Ferrante has set it up painstakingly. First comes the telephone call to her mother, Elena thinking she can take the role the aggrieved older sister—why did nobody think to as her what she thought?—which her mother immediately dismisses. Elena knows nothing because she’s too busy with her own lovely life. She knows nothing of how her brothers can now hold up their heads proudly in the Rione, how the family has more money coming in than it ever had before. And Elisa is better off than any of them. She’s treated like a queen now.
Elena—maybe this is the flaw that gives Ferrante licence to bring her down so mercilessly—doesn’t see how she’s brought this on herself. She will go to Naples and tell her siblings, and especially Elisa, that they have got to remember what kind of a family the Solaras are. Oh dear, again. Pietro drives the whole family there—Elena has to take over in the city, because she knows how to drive like a Neapolitan—and they book into a hotel. She’ll soon sort things out, she thinks.
Hah. First, she discovers that she can’t speak to Elisa at home because she is already living in Marcello’s big apartment. She’ll go there, then, ignoring her mother’s plea—it’s really a warning—that Elisa is preparing a surprise for her. And when she gets there, she realises she can do nothing. Elisa, now a beautiful and generous-hearted young woman, is blissfully happy as she is. Marcello couldn’t be more kind, her life couldn’t be more different from anything she had ever expected—she didn’t have the brain to climb out of the Rione in the way Elena did—and Elena can say nothing. She can’t possibly argue with Elisa—just look at how thrilled she is about meeting her nieces for the first time, and she has some lovely presents for them—so Elena gives up any idea of a big-sister talk. She would love to be able to simply leave…
…but Elisa has prepared a celebration, and everybody’s been invited. Elena is trapped, and Ferrante’s ambush of her flawed heroine has begun. People start to arrive, and it’s not too bad at first. True, her mother’s bursting pride at how far Elisa has come is a little galling, but Elena can bear it. The rest of the family arrive with Pietro, who looks uncomfortable as he tries to explain something to Elena in private. But her father makes Pietro sit next to him to watch TV—and Elena’s attention is on the big man she realises must be Marcello. It’s been a long time, and he is all charm and politeness about her successes. So far, so bearable… but it emerges they are not really there to celebrate Elena’s visit. It’s the birthday of the unspeakable loan shark Manuela Solara, the materfamilias.

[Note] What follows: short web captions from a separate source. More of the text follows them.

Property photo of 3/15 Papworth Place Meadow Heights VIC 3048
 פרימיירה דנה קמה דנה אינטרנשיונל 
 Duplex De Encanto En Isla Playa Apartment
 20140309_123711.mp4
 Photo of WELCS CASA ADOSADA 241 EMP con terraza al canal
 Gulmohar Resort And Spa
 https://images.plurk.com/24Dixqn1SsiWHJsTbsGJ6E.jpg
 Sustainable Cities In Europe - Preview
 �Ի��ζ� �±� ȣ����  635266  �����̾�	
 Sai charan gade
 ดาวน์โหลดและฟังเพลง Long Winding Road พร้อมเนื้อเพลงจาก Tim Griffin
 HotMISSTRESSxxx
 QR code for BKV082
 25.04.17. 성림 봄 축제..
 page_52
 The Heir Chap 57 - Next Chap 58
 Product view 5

Even that wouldn’t be so bad—she’s aged far beyond her years, and seems to suffer from dementia—but Ferrante hasn’t nearly finished. Who should arrive but Gigliola, unrecognisable as the tearful friend confessing the horrors of life with the philanderer Michele. Now she’s the archetypal mobster wife, all gold and breasts pushing out over her low-cut dress. When she talks admiringly to Pietro, she loves how he finds it hard to raise his eyes to her face. Michele is there by now, and he too speaks of his admiration for his old friend and her brilliant husband. Not that it stops him trying to humiliate Pietro with talk of how many women he’s had. Elena can see exactly what he’s doing, even if Pietro can’t—he’s happy to admit that for him, Elena is the one and only.
Enough? Don’t be ridiculous. Michele has invited Lila, apparently with the sole purpose of letting everybody in the room know that there’s only one truly great mind amongst them, and it isn’t Elena’s. How does it go? ‘You mustn’t be offended, Lenù, you’re smart, you’ve gone so far, you’ve been in the newspapers, you’re the pride of us all who have known you since you were a child. But—and I’m sure you agree, and you’ll be pleased if I say it now, because you love her—Lina has something alive in her mind that no one else has, something strong, that jumps here and there and nothing can stop it…’ and so on, and on. Lila might hate what he’s doing, but she doesn’t stop him—and seems to accept the unspoken view that Elena’s success was a one-off, and a long time ago now.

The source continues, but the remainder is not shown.